**DATA EXTRACTS**:
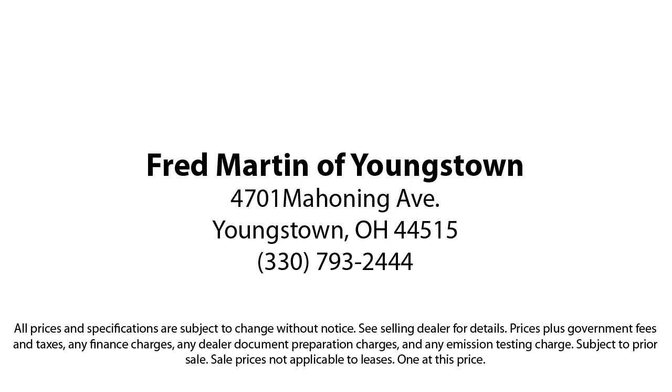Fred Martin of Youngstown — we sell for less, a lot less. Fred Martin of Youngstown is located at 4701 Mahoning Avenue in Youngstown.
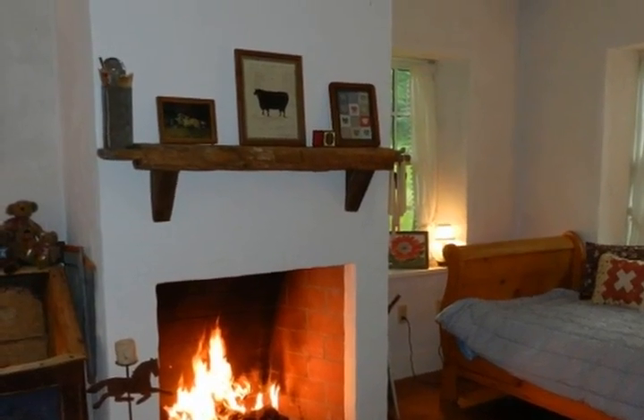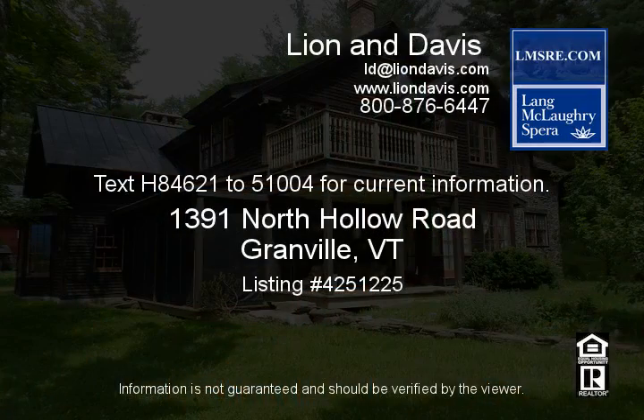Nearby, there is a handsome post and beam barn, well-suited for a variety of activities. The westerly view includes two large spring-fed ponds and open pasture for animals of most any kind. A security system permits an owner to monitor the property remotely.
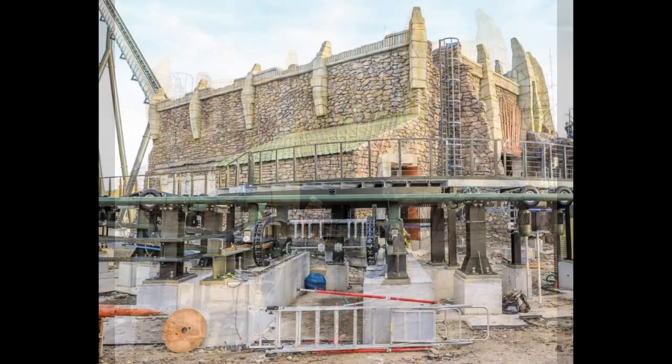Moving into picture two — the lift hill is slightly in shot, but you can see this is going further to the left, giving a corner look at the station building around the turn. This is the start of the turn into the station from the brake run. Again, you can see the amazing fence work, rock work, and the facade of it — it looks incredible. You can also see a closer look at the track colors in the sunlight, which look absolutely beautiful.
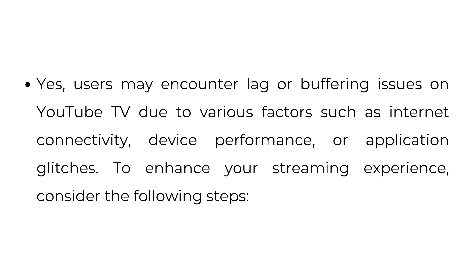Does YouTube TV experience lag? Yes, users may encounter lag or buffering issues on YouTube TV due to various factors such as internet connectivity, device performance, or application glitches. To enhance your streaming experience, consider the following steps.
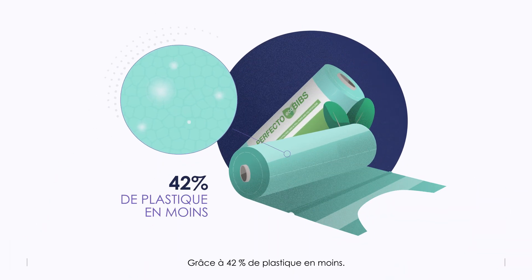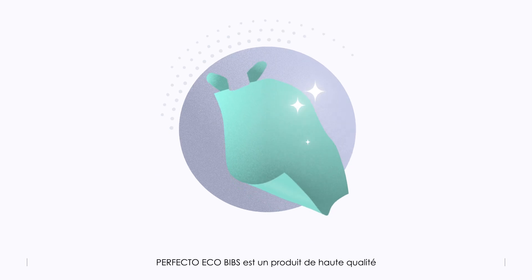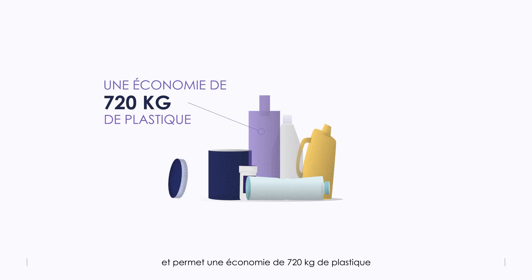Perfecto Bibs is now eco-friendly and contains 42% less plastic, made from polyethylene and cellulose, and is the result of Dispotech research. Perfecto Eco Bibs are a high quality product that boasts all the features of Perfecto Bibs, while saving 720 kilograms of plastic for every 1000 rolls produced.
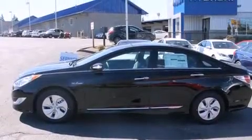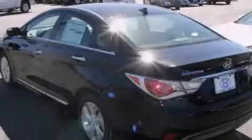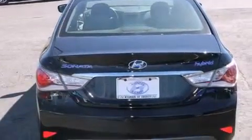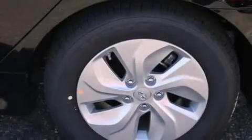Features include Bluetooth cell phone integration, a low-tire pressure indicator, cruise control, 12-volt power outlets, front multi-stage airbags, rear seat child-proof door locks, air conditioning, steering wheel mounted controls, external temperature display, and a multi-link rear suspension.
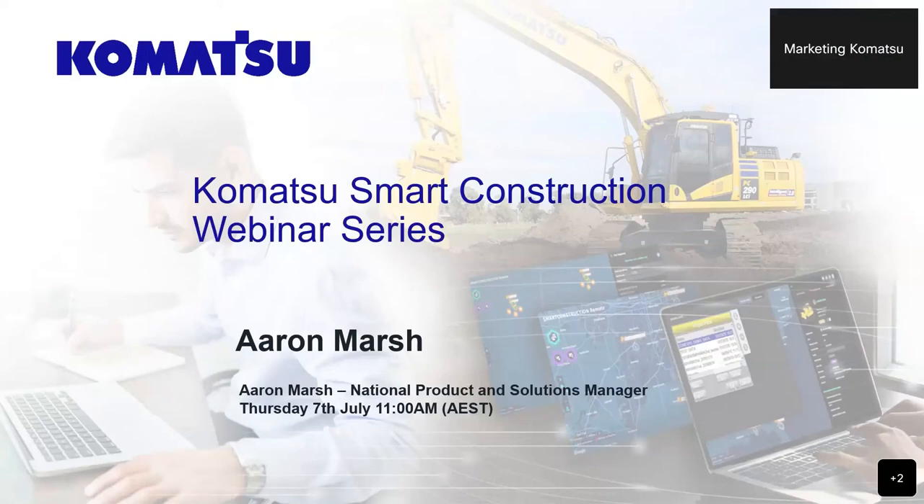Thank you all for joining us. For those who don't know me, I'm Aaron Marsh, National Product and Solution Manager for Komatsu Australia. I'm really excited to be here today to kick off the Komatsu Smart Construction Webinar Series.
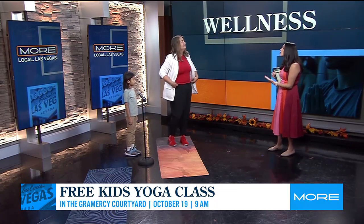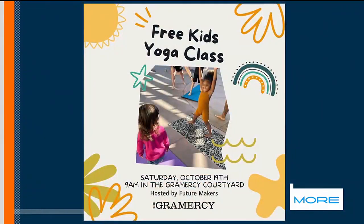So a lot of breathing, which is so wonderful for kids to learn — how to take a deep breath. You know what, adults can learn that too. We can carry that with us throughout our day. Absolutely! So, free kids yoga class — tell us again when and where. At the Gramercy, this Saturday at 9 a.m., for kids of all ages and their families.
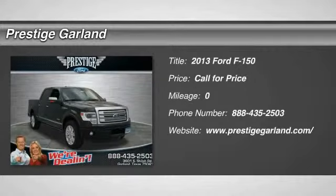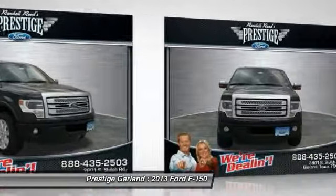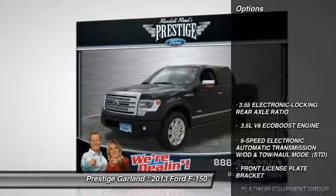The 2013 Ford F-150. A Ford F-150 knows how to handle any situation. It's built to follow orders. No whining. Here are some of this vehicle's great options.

==

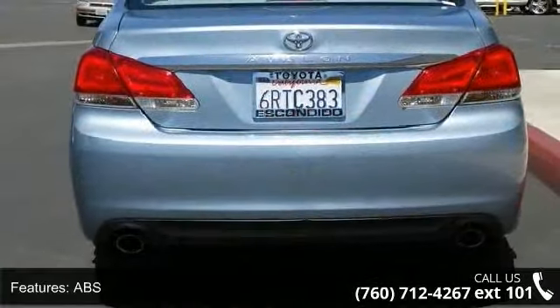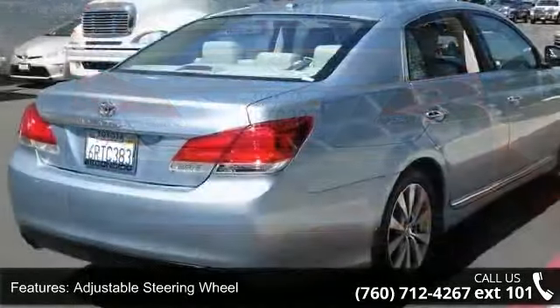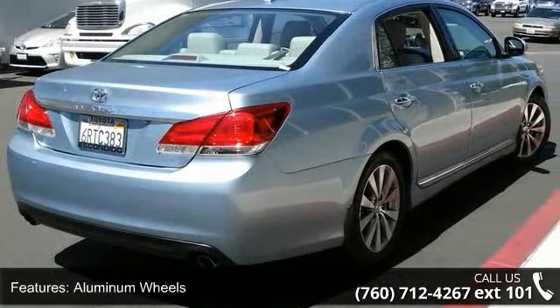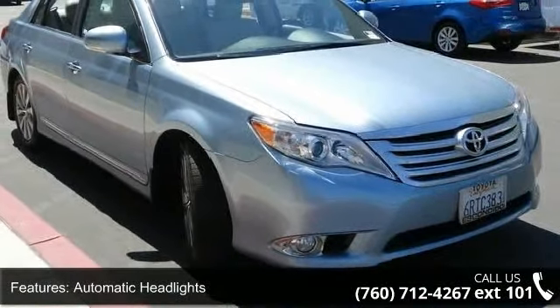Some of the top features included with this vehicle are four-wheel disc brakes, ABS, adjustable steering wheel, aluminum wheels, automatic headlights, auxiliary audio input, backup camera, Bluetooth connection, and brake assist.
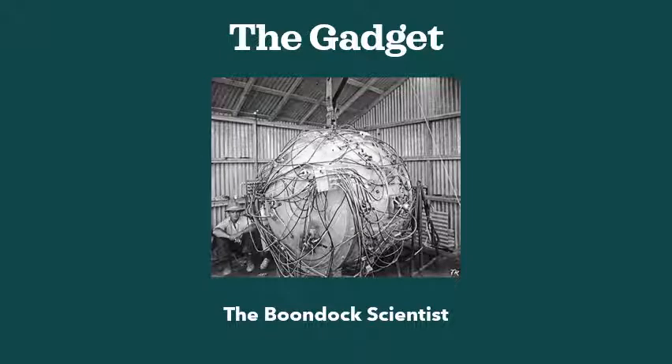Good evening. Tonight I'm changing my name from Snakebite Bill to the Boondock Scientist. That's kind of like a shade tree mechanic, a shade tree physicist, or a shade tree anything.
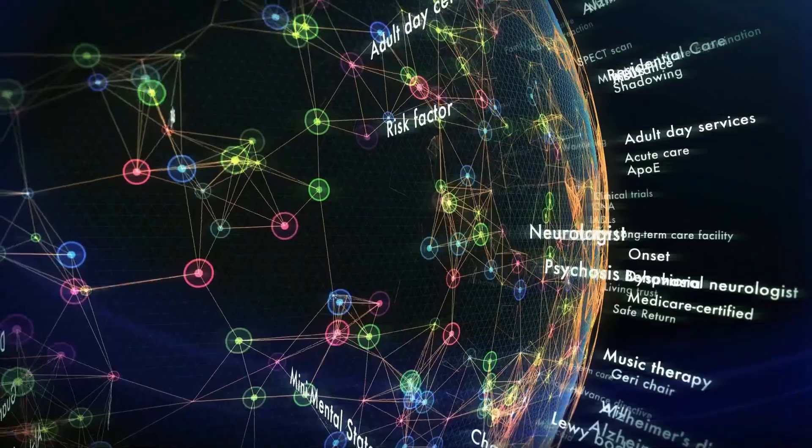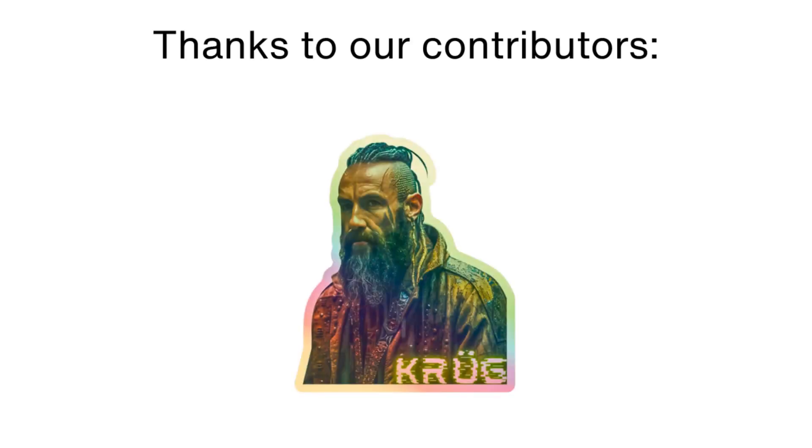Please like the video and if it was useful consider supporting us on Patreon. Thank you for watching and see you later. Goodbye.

---

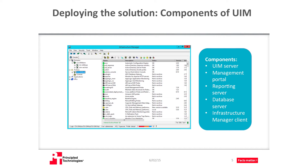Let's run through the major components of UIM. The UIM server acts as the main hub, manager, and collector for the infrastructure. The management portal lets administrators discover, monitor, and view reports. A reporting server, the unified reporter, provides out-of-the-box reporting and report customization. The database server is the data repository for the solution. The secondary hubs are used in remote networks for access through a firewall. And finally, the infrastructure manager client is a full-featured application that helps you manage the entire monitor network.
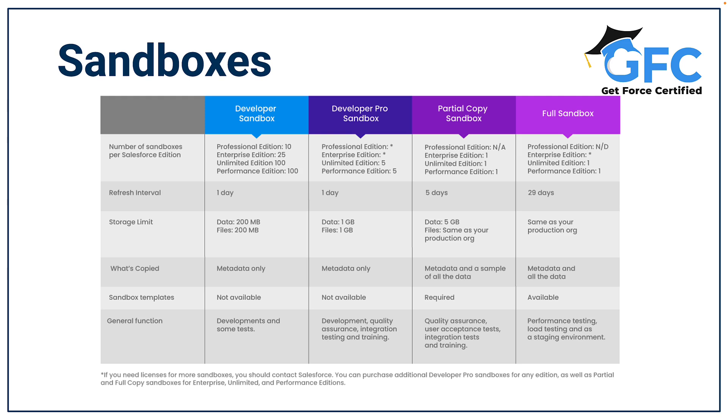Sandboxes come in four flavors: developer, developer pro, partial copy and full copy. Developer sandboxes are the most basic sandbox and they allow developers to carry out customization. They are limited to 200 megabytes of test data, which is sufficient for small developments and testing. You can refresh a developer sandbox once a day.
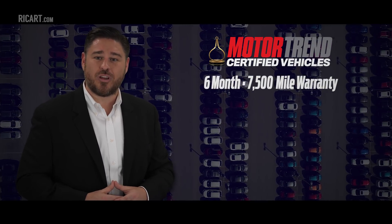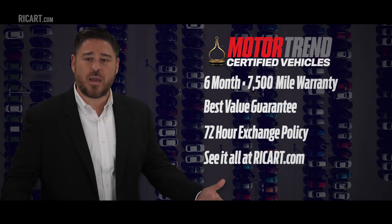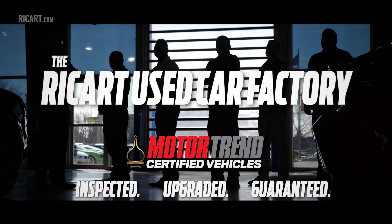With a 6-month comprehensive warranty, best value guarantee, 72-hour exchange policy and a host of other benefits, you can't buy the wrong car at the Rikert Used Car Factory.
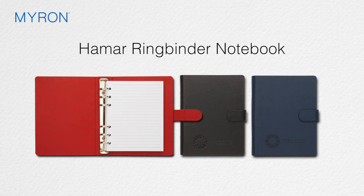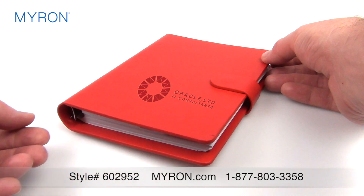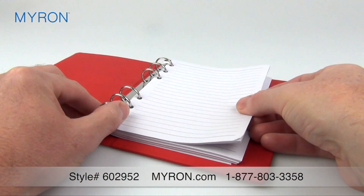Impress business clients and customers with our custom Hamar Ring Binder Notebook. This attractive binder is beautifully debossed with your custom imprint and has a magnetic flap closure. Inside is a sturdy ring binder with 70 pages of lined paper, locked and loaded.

**TASK REQUIREMENTS**:
What are the lines in the records above, word for word, from the one containing "Does YouTube TV" through the one containing "Features include Bluetooth", both ends included and pictures left out?

**ANSWER TO THIS PROBLEM**:
Does YouTube TV experience lag? Yes, users may encounter lag or buffering issues on YouTube TV due to various factors such as internet connectivity, device performance, or application glitches. To enhance your streaming experience, consider the following steps.
Perfecto Bibs is now eco-friendly and contains 42% less plastic, made from polyethylene and cellulose, and is the result of Dispotech research. Perfecto Eco Bibs are a high quality product that boasts all the features of Perfecto Bibs, while saving 720 kilograms of plastic for every 1000 rolls produced.
Features include Bluetooth cell phone integration, a low-tire pressure indicator, cruise control, 12-volt power outlets, front multi-stage airbags, rear seat child-proof door locks, air conditioning, steering wheel mounted controls, external temperature display, and a multi-link rear suspension.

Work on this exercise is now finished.